22137
Fetal Head Growth in Children with Autistic Traits and Autism Spectrum Disorder

Saturday, May 14, 2016: 11:30 AM-1:30 PM
Hall A (Baltimore Convention Center)
L. M. Blanken1, A. Dass2, G. Alvares2, J. van der Ende3, M. Maybery4, C. Dissanayake5, C. Pennel6, M. Hickey7, F. Verhulst3, H. Tiemeier3, A. Whitehouse8 and T. J. White9, (1)Erasmus Medical Center - Sophia Children's Hospital, Leiden, Netherlands, (2)Telethon Kids Institute, West Perth, Australia, (3)Department of Child and Adolescent Psychiatry/Psychology, Erasmus MC-Sophia, Rotterdam, Netherlands, (4)University of Western Australia, Perth, Australia, (5)Olga Tennison Autism Research Centre, La Trobe University, Melbourne, Australia, (6)The University of Western Australia, Crawley, Australia, (7)Department of Obstetrics of Gynaecology and Obstetrics, University of Melbourne, Melbourne, Australia, (8)University of Western Australia, West Perth, WA, Australia, (9)Erasmus University Medical Centre, Rotterdam, Netherlands
Background:  Altered trajectories of brain development are often reported in Autism Spectrum Disorder (ASD), particularly early brain overgrowth in the first year of life (Hazlett, Poe et al. 2011). However, less is known about prenatal head growth trajectories. The few studies available have small sample sizes, typically depend on retrospectively collected ultrasound data and do not include repeated measurements of growth (Whitehouse, Hickey et al. 2011). While there is increasing support for the notion that ASD lies at the extreme end of a continuum of autistic traits, and that characteristics of the neurobiology may form a continuum as well (Blanken, Mous et al. 2015), there are no studies that investigate growth characteristics of the full spectrum of symptom severity (Constantino and Todd 2003). 

Objectives:  The objective of the current study is to prospectively evaluate prenatal head growth in children from the general population that later develop autistic traits. A second objective is to compare prenatal head growth between children with clinically diagnosed ASD and typically developing children.

Methods:  This study included over 5,700 children participating  in two large longitudinal prenatal cohorts, including more than 80 children with a confirmed diagnosis of ASD. Fetal head circumference (HC) was measured repeatedly during pregnancy using ultrasound. Autistic traits were measured with the Social Responsiveness Scale and the Autism Quotient. A diagnosis of ASD was based on mother report and confirmed with medical records. Additionally,  ultrasounds were retrospectively collected for 45 children with ASD at a clinical research center. Longitudinal HC measurements at three time points were analyzed using a Latent Growth curve model approach to assess the relation of prenatal growth on autistic traits measured later in life.

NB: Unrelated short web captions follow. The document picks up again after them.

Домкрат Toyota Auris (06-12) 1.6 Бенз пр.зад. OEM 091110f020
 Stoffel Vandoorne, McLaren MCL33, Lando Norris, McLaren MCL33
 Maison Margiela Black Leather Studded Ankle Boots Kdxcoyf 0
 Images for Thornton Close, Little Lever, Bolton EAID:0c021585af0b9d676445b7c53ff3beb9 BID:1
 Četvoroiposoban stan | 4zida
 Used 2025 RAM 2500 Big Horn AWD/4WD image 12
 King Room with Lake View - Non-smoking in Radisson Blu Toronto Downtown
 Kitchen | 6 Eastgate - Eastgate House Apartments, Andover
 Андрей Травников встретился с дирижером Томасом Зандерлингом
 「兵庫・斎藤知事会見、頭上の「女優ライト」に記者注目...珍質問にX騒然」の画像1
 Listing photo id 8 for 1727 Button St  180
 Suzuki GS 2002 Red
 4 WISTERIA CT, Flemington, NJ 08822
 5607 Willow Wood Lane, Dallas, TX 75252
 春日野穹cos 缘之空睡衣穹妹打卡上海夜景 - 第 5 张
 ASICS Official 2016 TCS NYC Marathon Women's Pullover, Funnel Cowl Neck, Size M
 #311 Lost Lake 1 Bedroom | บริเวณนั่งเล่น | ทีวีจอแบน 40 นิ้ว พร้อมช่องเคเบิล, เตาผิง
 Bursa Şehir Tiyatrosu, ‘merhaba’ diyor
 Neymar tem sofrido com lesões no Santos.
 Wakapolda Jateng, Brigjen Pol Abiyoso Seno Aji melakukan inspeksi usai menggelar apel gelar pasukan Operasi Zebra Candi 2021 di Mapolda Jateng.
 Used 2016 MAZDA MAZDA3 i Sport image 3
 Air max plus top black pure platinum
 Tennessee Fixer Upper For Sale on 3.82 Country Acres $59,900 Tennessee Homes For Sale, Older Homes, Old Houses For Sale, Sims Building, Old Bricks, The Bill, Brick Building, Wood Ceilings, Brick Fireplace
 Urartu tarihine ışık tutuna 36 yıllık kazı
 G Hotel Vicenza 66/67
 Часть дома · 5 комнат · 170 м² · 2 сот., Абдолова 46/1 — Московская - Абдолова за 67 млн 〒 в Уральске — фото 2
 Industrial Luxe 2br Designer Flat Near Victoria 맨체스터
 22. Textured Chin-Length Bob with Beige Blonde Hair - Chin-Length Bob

Results:  Preliminary analyses suggested an inverse relationship between prenatal head growth and autistic traits later in life. Children with more autistic traits showed HC growth curves that were characterized by smaller slopes and intercepts. 

Conclusions:  To our knowledge, this is the first large population-based study looking into prenatal brain growth and autistic traits. Preliminary results suggest that atypical brain growth in ASD may start in utero. Additional analyses comparing prenatal head growth between children with clinically diagnosed ASD and typically developing children will be conducted.